Problem requirements: Reproduce the whole listing word for word. Leave every image out.

Supplied information:
------------------------------------

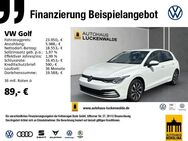 VW Golf, 1.0 VIII eTSI Active, Jahr 2023 - Luckenwalde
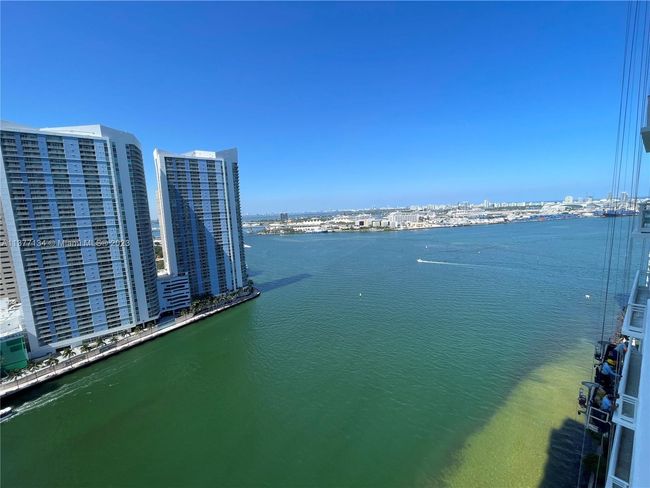 APT-2201 - 900 Brickell Key Blvd, Condo with 3 bedrooms, 4 bathrooms and null parking in Miami FL | Image 30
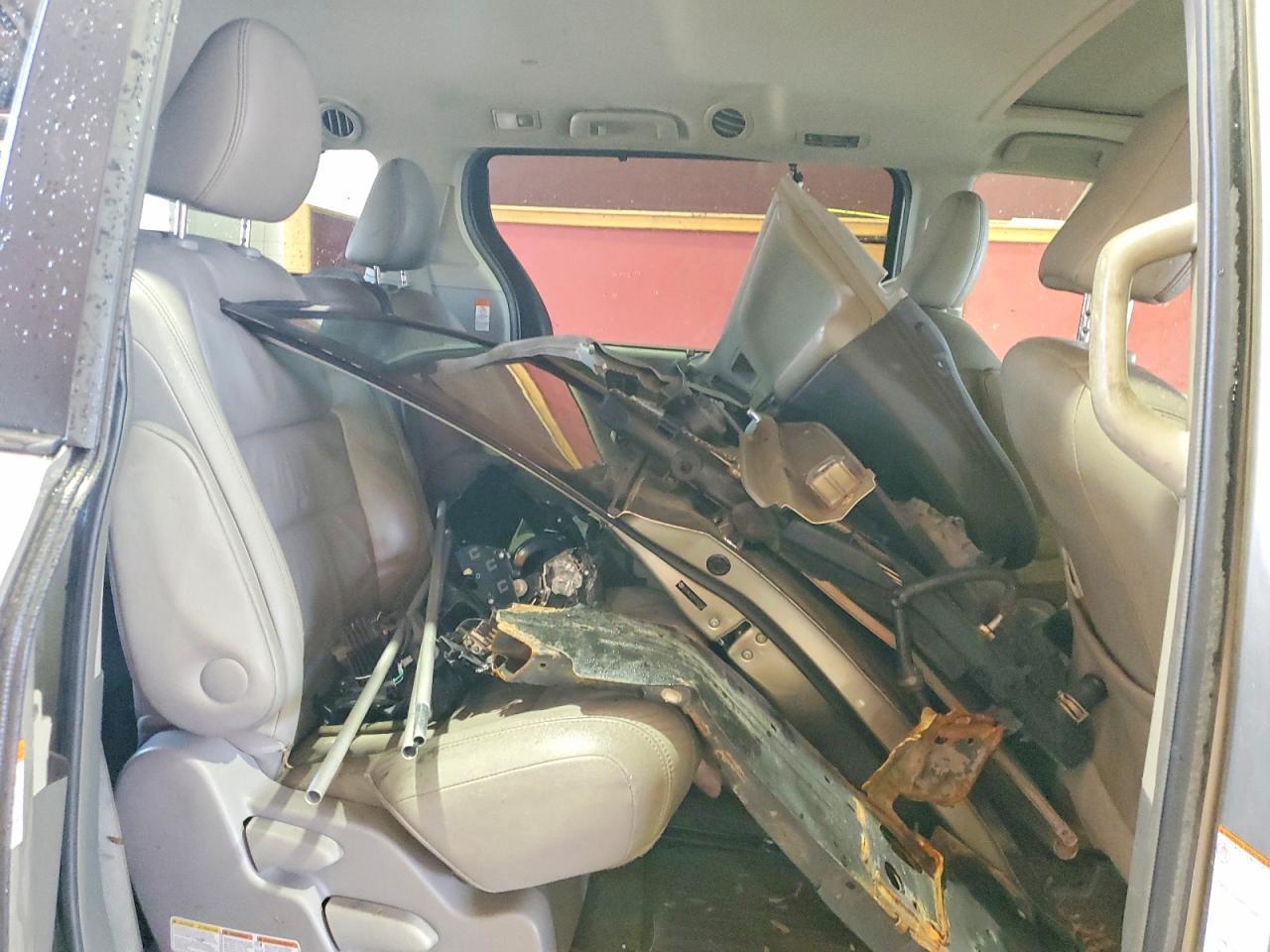 2015 Toyota Sienna xle 8-passenger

------------------------------------

Result of this task:
 VW Golf, 1.0 VIII eTSI Active, Jahr 2023 - Luckenwalde
 APT-2201 - 900 Brickell Key Blvd, Condo with 3 bedrooms, 4 bathrooms and null parking in Miami FL | Image 30
 2015 Toyota Sienna xle 8-passenger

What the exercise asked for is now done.